APPARATUS FOR AND METHOD OF REMOVING A BLOCKAGE FROM BODY CHANNELS
The present invention relates to an apparatus for, and method of, removing a blockage from an elongate fluid flow path. Such a fluid flow path may be defined by a pipe or part of a animal or human circulatory system, such as an artery.
Atherosclerosis is a disease of the artery walls in which they thicken and lose their elasticity. As the artery walls thicken the blood flow through the artery becomes restricted and in severe cases the blood flow can be halted completely. The occlusion of the artery can be partial or total and the occlusions can be up to 700 mm in length.
Techniques for re-opening an artery are known.

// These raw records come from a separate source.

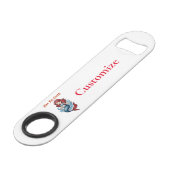 Ik ben zo Schattige Zeemeermin Thunder_Cove Speed Flessenopener (Achterkant Gekanteld)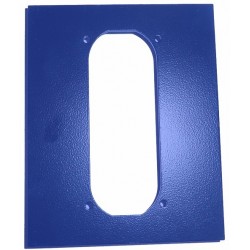 ME0014 - COIN ACCEPTOR METAL PLATE (12,1x15,2 cm - Inch 4,76x5,98) (BLUE)
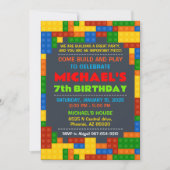 Gebäude blockiert Einladung zur Geburtstagsparty (Vorderseite)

US5368603 describes an arrangement in which a hollow tube is passed into the artery. The tube has an open window and a axially moveable blade is located within the tube. The tube is pushed into the material occluding the artery and some of the material extends through the window. The blade is then moved axially with respect to the window so as to guillotine off some of the occluding material.
US489061 1 describes an arrangement in which a guide wire is passed through the occluding material and then a corkscrew type arrangement is guided along the wire so as to break-up the material. US4621636 describes another arrangement in which a cutting device is guided via a guide wire which has been passed through the occluding material. Each of these arrangements assumes that it is possible to pass a guide wire through the occluding material or to deform it to an extent that a cutting device can be brought into contact with the material. It should be noted that the occluding material may include relatively hard objects, such as calcified elements which can deflect the path of a guide wire and cause it to puncture an arterial wall.

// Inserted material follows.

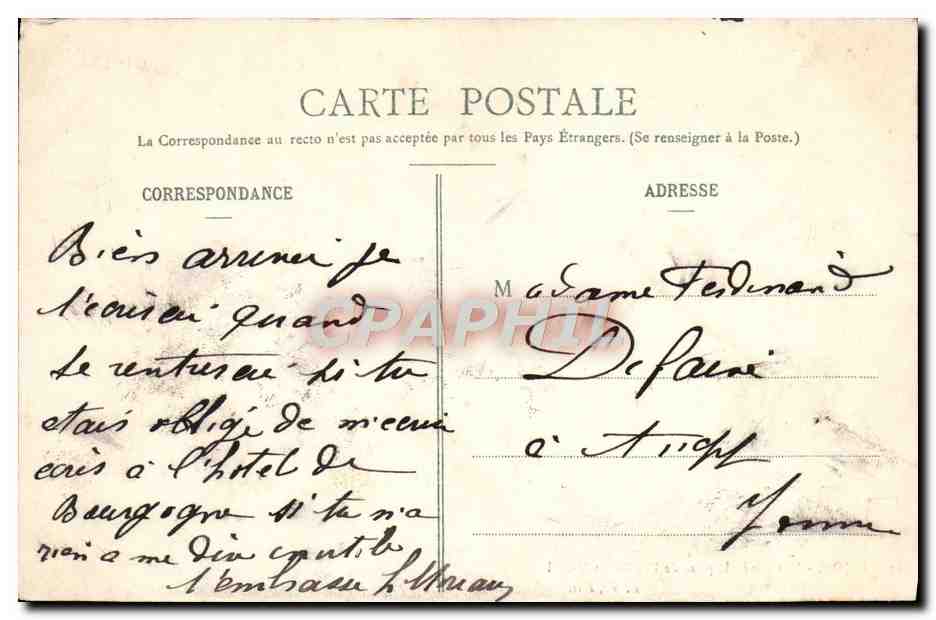 CPA Dijon Vue Generale Prise de L'Eglise St Michel — Rückseite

A further known technique for separating the occluding material from the arterial wall is endarterectomy. In this technique a ring stripper is surgically inserted into a diseased artery
and is moved along the length of the occlusion so as to separate the occluding material and diseased arterial tissue from the healthy arterial wall. The stripper, or a cutting head of a endarterectomy catheter is guided through the artery by means of a guide wire.
According to a first aspect of the present invention there is provided an apparatus for removing a blockage from an elongate fluid flow path defined by a surface or wall, comprising separating means for separating the material forming the blockage from the surface or wall.
It is thus possible to provide an apparatus which can be inserted into a fluid flow path, such as an artery, and advanced along that path without the need for the prior inclusion of a guide wire. Thus the apparatus is suitable for opening fully occluded fluid flow paths. However, if a guide wire can be inserted, then the apparatus can guided along a previously passed guide wire.
Preferably the separation is achieved by exploiting a cleavage plane occurring at or adjacent an interface between the material and the surface or wall. The surface or wall may be a tissue wall, such as an arterial wall, and the blockage may partially or fully occlude the artery. The blockage may comprise cholesterol crystals, calcified deposits, fibrous material, plaque and necrotic cell debris and may include elements of the arterial wall. The arterial wall consists of 3 circumferential layers known as tunicae. The formation of a blockage can damage the inner most layer of the arterial wall (the tunica intima) and in such circumstances the cleavage plane can lie within the tunica intima or between the tunica intima and the tunica media (the middle layer of the arterial wall) or within the inner layers of the media.
Preferably the separating means comprises at least one finger attached at or adjacent a first end of a first flexible member. Advantageously the first flexible member is in the form of a hollow pipe.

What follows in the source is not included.